Why should employees working in the public sector be any different than employees working in the private sector?
With the 401(k) option, the investment risk is placed on the employee rather than the company, and Wall Street knows fully well that most employees aren’t sophisticated enough to accomplish reasonable risk adjusted investment returns to accumulate sufficient funds to maintain their standard of living after retirement.
401(k) retirement savings are easy pickings for Wall Street, why should public pension funds be any different?
As an example, “if the SEC's charges are proven true beyond a reasonable doubt, it will mean Goldman Sachs was involved in one of Wall Street's biggest scandals: Failing to disclose that it allowed a hedge fund, Paulson & Co., to determine or help determine what securities were packaged in a collateralized debt obligation (CDO), giving Paulson an unfair advantage when it later shorted the poor-quality CDO,” (Joseph Lazzaro, Daily Finance, April 2010).
The report released by Stanford Institute for Economic Policy Research on April 5 said CalPERS, CalSTRS, and UCRS lost a combined $109 billion in portfolio value between June 2008 and June 2009, due in no small part to corporate corruption, accounting fraud, and poor management (AIG, GM, Lehman Brothers, etc.)
In response, CalPERS believes they can earn a higher rate of return than government bonds over the long run with an acceptable level of risk. One would expect CalPERS to be a sophisticated investor with the resources to manage assets in a way that limits volatility.

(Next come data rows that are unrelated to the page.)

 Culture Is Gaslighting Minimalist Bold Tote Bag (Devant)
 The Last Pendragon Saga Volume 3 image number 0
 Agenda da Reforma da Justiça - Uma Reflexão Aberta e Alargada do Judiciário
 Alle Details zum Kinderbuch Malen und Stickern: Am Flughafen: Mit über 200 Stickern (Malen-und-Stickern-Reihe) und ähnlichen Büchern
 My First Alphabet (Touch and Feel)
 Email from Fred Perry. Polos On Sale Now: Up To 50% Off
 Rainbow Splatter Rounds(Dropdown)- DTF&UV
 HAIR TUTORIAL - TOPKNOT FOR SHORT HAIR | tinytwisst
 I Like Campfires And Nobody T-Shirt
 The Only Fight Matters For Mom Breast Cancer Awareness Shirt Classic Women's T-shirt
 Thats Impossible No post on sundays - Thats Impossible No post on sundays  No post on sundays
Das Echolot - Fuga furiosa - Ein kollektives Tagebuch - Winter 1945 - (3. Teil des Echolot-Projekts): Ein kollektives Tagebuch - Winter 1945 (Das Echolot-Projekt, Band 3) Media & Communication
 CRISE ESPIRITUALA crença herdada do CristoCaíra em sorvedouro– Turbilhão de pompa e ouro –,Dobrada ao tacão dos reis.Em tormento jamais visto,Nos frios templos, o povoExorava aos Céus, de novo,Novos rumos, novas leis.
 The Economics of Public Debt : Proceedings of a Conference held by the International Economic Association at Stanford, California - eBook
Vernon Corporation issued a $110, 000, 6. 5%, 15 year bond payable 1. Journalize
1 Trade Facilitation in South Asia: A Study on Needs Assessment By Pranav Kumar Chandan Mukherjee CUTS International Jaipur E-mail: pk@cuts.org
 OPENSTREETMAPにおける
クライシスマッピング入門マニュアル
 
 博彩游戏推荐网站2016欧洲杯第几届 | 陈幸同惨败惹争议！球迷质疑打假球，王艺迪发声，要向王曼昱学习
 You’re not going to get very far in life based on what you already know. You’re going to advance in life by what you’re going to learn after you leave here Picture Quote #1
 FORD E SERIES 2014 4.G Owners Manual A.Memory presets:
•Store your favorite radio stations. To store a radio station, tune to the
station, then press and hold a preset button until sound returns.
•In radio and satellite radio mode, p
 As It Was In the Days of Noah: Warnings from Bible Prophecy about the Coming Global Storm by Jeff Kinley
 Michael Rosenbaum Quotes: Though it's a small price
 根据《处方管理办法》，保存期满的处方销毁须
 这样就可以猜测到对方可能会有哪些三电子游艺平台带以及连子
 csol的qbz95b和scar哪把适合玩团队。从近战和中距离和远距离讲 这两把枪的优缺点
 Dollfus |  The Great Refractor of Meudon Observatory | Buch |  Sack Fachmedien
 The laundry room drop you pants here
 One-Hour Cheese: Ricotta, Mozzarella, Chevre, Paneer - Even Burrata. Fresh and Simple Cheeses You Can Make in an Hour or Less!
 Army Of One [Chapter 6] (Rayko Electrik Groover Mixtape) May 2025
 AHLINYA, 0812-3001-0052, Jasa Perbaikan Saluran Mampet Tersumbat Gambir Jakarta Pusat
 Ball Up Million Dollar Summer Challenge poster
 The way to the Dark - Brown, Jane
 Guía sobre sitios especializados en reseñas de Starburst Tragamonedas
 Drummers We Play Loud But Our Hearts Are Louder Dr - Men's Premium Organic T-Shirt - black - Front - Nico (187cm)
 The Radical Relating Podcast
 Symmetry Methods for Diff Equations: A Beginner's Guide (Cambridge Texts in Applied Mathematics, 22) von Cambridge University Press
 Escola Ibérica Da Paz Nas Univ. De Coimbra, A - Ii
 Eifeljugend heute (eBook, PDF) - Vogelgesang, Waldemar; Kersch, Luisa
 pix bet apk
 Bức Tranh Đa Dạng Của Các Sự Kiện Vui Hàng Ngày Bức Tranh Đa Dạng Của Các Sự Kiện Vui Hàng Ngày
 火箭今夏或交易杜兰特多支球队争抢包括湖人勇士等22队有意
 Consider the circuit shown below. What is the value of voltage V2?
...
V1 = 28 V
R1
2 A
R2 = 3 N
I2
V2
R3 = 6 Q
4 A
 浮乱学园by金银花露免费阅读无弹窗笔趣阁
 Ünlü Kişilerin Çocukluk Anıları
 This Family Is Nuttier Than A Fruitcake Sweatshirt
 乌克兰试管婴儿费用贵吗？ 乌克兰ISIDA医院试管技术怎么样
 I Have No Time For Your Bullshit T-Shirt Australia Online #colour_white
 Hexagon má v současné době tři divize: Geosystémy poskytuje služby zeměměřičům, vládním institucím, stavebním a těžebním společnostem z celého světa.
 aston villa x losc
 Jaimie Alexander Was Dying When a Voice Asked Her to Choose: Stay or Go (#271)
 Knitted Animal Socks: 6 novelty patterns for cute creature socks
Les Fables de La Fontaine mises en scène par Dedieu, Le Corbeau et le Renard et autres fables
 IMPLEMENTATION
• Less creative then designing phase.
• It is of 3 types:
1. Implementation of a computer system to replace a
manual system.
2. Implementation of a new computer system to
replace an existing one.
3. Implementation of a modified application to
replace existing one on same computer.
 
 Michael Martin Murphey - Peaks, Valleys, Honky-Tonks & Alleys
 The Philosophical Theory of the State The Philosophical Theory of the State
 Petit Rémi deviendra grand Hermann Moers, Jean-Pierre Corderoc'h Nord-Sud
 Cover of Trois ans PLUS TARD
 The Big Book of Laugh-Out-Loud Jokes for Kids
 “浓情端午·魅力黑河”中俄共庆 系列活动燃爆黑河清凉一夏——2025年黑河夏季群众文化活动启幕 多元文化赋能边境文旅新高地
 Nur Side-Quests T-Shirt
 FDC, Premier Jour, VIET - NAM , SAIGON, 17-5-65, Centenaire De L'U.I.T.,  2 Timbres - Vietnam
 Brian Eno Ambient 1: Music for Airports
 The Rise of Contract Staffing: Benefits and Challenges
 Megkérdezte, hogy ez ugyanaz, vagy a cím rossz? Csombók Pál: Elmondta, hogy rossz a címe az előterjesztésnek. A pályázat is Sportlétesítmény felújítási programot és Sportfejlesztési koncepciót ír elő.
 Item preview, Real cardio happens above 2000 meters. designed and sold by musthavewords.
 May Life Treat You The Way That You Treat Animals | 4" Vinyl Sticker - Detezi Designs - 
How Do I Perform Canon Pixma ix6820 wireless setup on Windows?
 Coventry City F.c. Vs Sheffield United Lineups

Recent studies indicate that employees find more corporate fraud than regulators. Providing CalPERS, CalSTRS, and UCRS a structured process to identify and contain risks within their equity investment portfolios will make it possible to achieve long-term sustainable risk adjusted investment returns.
In an effort to identify and contain risks within equity investment portfolios, a group of finance and accounting professionals, with first-hand knowledge of corporate fraud, have created an online forum (http://www.zethics.com) that provides employees of public and private companies a structured process to anonymously disclose information about corruption, fraud and poor management directly to investors and the public.
The website provides CalPERS, CalSTRS, and UCRS a unique opportunity to build an ethical framework to accomplish responsible ownership goals and achieve long-term sustainable risk adjusted investment returns by providing transparency into the companies they own.
The attack on retirement benefits for those who put themselves in harms way (law enforcement officers, firefighters, teachers, etc.) is completely unfounded when there are tools available today that will allow CalPERS, CalSTRS, and UCRS to achieve long-term sustainable risk adjusted investment returns.
Wall Street has managed to turn private sector employees against public sector employees, when the real issue is reigning in excesses in the boardrooms of Corporate America (Goldman Sachs, BofA, etc.).